• _WHAT YOU ARE ASKED TO DO_: Please give the whole listing again word for word, and drop any pictures it holds.

• _COLLECTED DATA_:
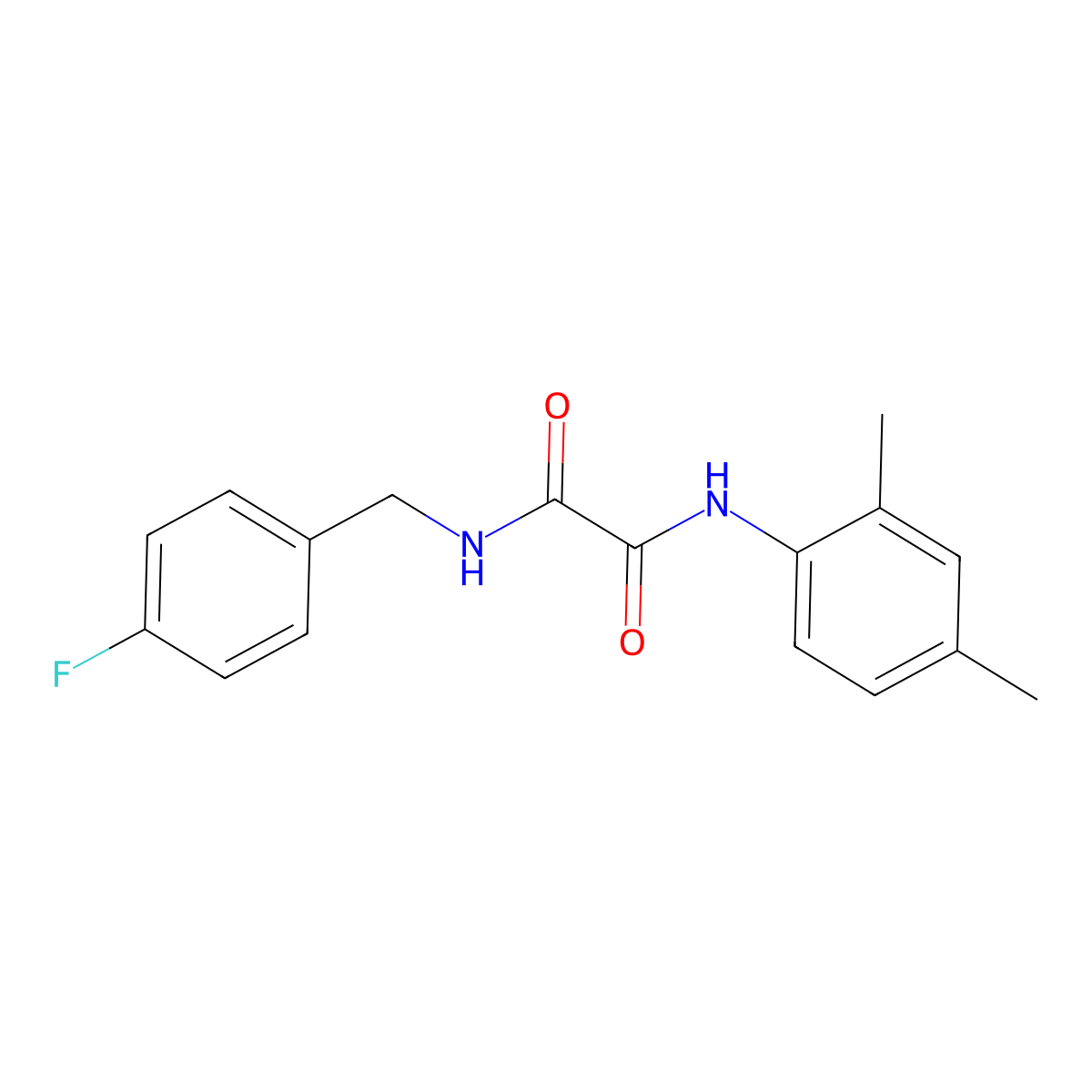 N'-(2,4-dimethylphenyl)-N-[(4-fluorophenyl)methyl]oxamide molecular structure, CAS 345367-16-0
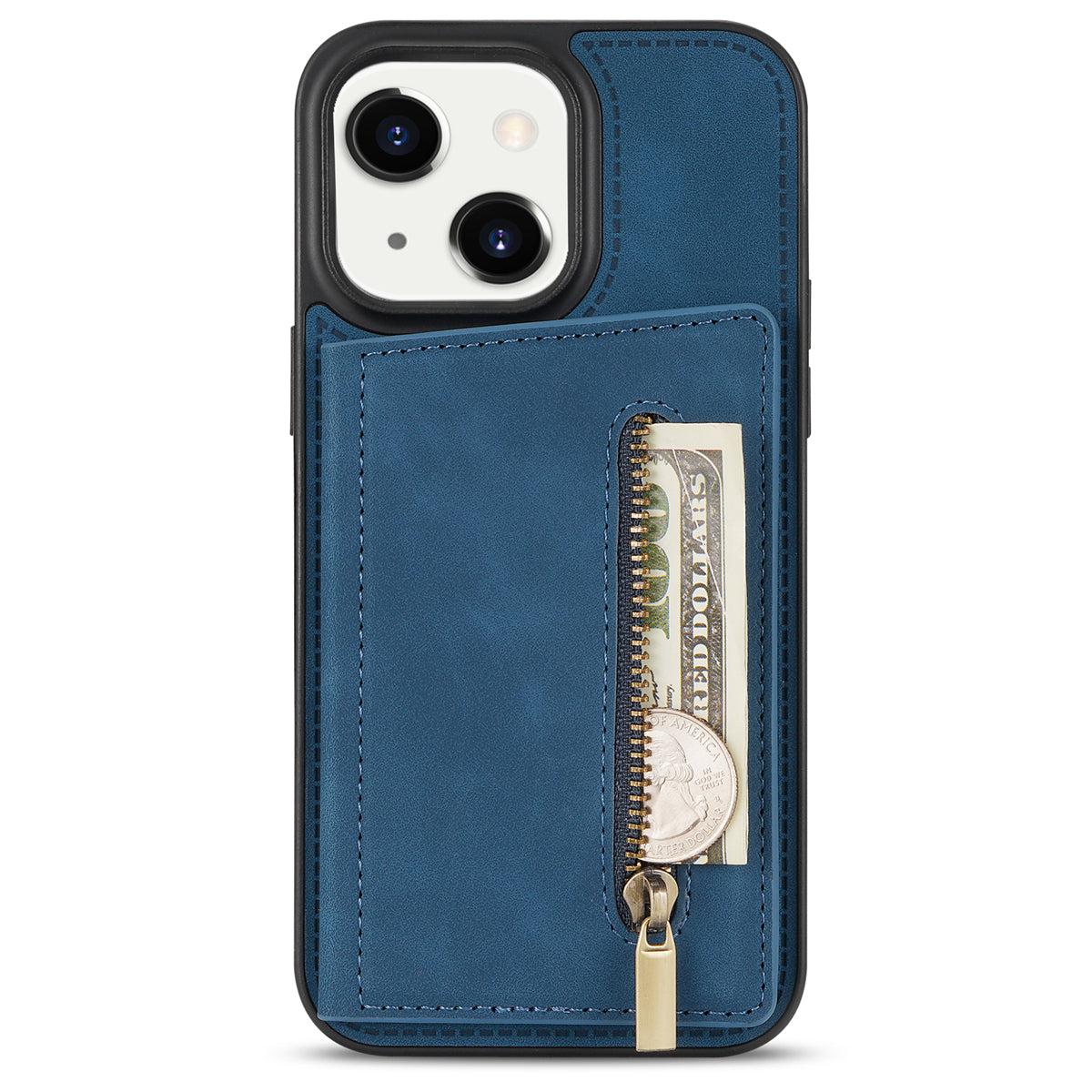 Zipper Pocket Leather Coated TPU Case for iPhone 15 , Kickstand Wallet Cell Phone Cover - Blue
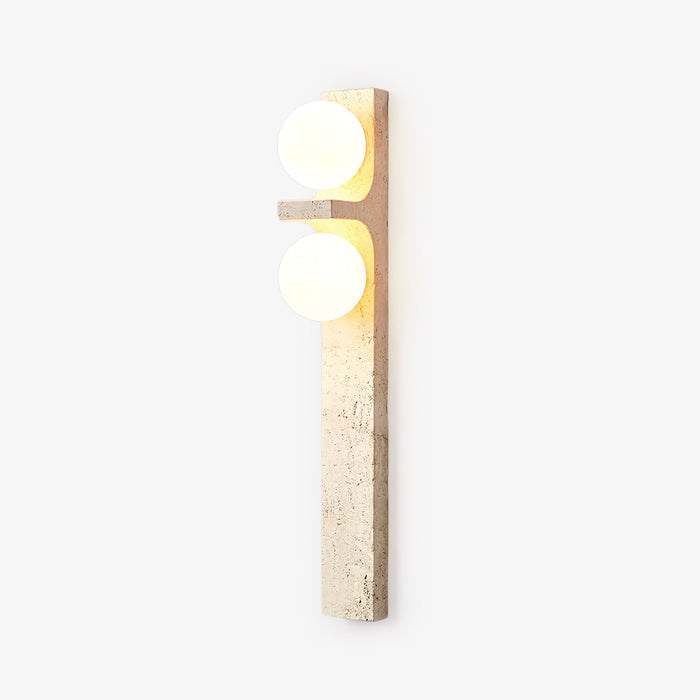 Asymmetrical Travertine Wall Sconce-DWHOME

• _TASK ANSWER_:
 N'-(2,4-dimethylphenyl)-N-[(4-fluorophenyl)methyl]oxamide molecular structure, CAS 345367-16-0
 Zipper Pocket Leather Coated TPU Case for iPhone 15 , Kickstand Wallet Cell Phone Cover - Blue
 Asymmetrical Travertine Wall Sconce-DWHOME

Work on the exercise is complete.